Doc’s bushy eyebrows shot up. “I was going to say cohabiting.”
I bet he wasn’t.
“Yeah. We had a place. With Lucy, my sister. She’s with Cam’s parents right now, so, you know.” I shrugged.
“So what?”
“So I guess that all worked out okay, then, right?” I turned my head slightly to look at the bookshelf, to see if I could spot
The Myth of Sisyphus
, with that big red rock on the front cover.
“Hell, Brady.” Doc’s voice was low. “That’s not fair.”
Well, neither was life.
I rubbed my forehead, trying to ease the tension that was doing its best to build into a headache. “I was better off before I got any dumb ideas about how maybe one day I’d get off this fucking station and have a chance at a decent life.”
Doc was silent for a long moment.
“And now…and now our connection’s back, and so are the fucking
Faceless
.” My voice broke, and the rest of me almost followed.
He sighed. “Shit, Brady. What can I do?”
I passed my hand over my stinging eyes. “I dunno. You could try leaving the drug dispensary unlocked?”
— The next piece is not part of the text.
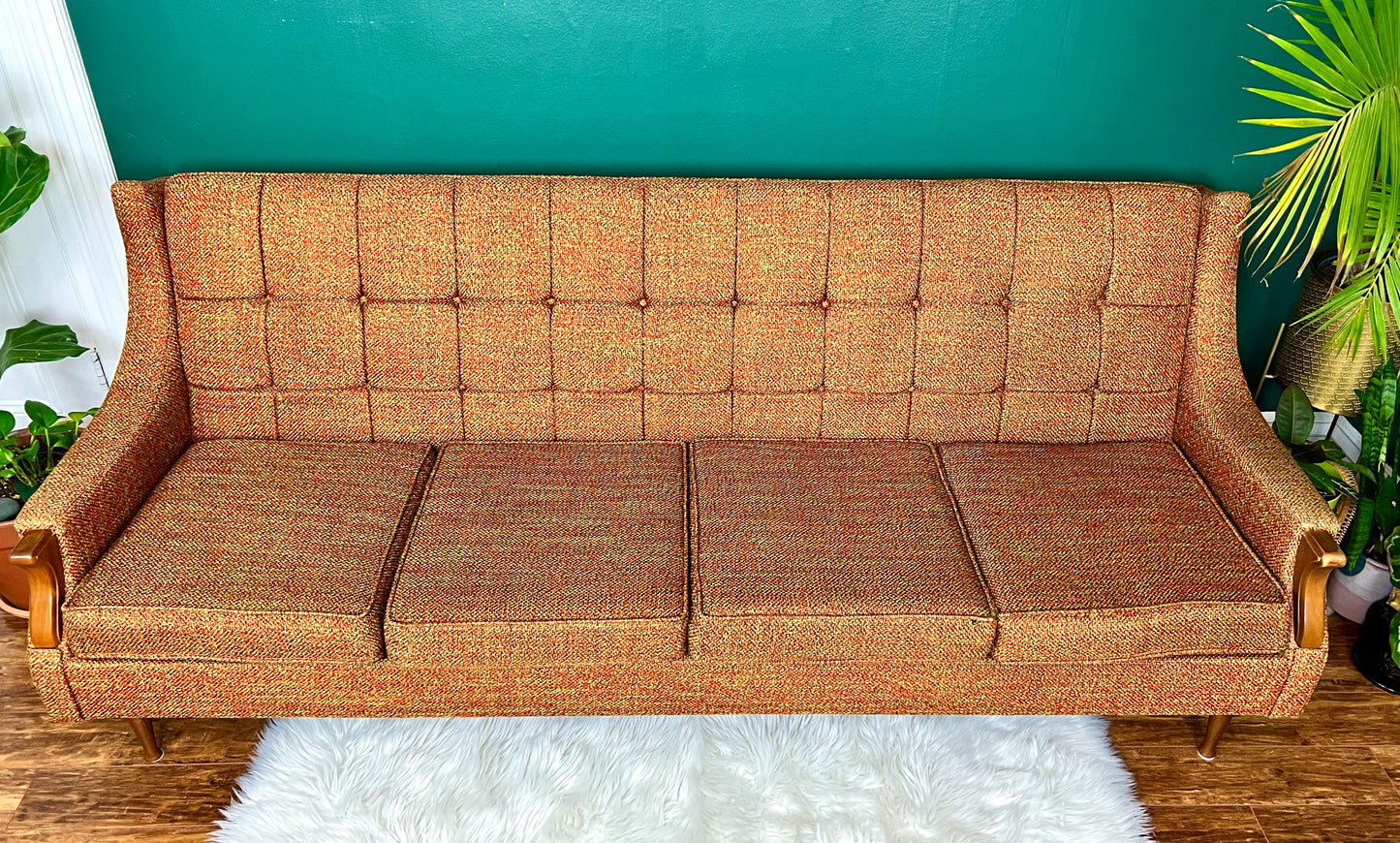 The Walter Sofa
Doc’s mouth twitched in what was maybe supposed to be a smile. “Well, anything apart from that.”
There was nothing, and we both knew it. The silence drew out.
Doc spun a pen on his desk. “So, Wade’s dead.”
My jaw dropped. “Are you serious?”
“Hanged himself. A few months ago now.”
I gave myself a second to figure out how I felt about that. Turns out I didn’t even need that long. “Good. Couldn’t have happened to a nicer guy.”
I only wished he had a grave I could dance on.
Doc huffed, then slid his desk drawer open and pulled out a bottle. “Drink?”
“Fuck, yeah.”
He twisted the cap off the bottle.
* * * *
When Cam and the marine came back for me, my boots were a little bit wobbly.
“Painkillers,” Doc said gruffly and patted me on the back to send me on my way.
I might have stumbled slightly.
“Are you
drunk,
Brady?”
“Little bit, yeah.”
I patted my pocket to check I still had Doc’s cigarettes. Doc looked out for me.
I was still buzzed when we made it back to our room and the marine locked us in.
“So here’s the deal,” Cam said, steering me toward the bed and letting me face-plant on it. “As of now, we’re pretty much quarantined.”
“Figures.” I tried to extract the cigarettes from my pocket. It was trickier than it should have been. Then I realized I was trying with my swollen hand. I rolled onto my back and switched hands. “What’re they gonna do with Lucy?”
“I don’t know.” He chewed his bottom lip, and I could feel his worry settle over me. “But we’ll get home, okay? We’ll make this right.”
“Okay.” I stared at the ceiling for a while. “This is probably Doc’s whiskey talking, but I believe you.”
“You do?”
“Yeah.” I sighed. “You always think shit’s gonna work out okay and we’re not gonna get blasted out of the sky, and I think you’re an idiot, but you’ve always been right too. So I’m the real idiot, I guess.”
He lay down beside me. “How much did you have to drink, exactly?”
I fumbled with the pack of cigarettes and finally extracted one. “A bit. A
lot
. I’m probably gonna be sick in the morning.”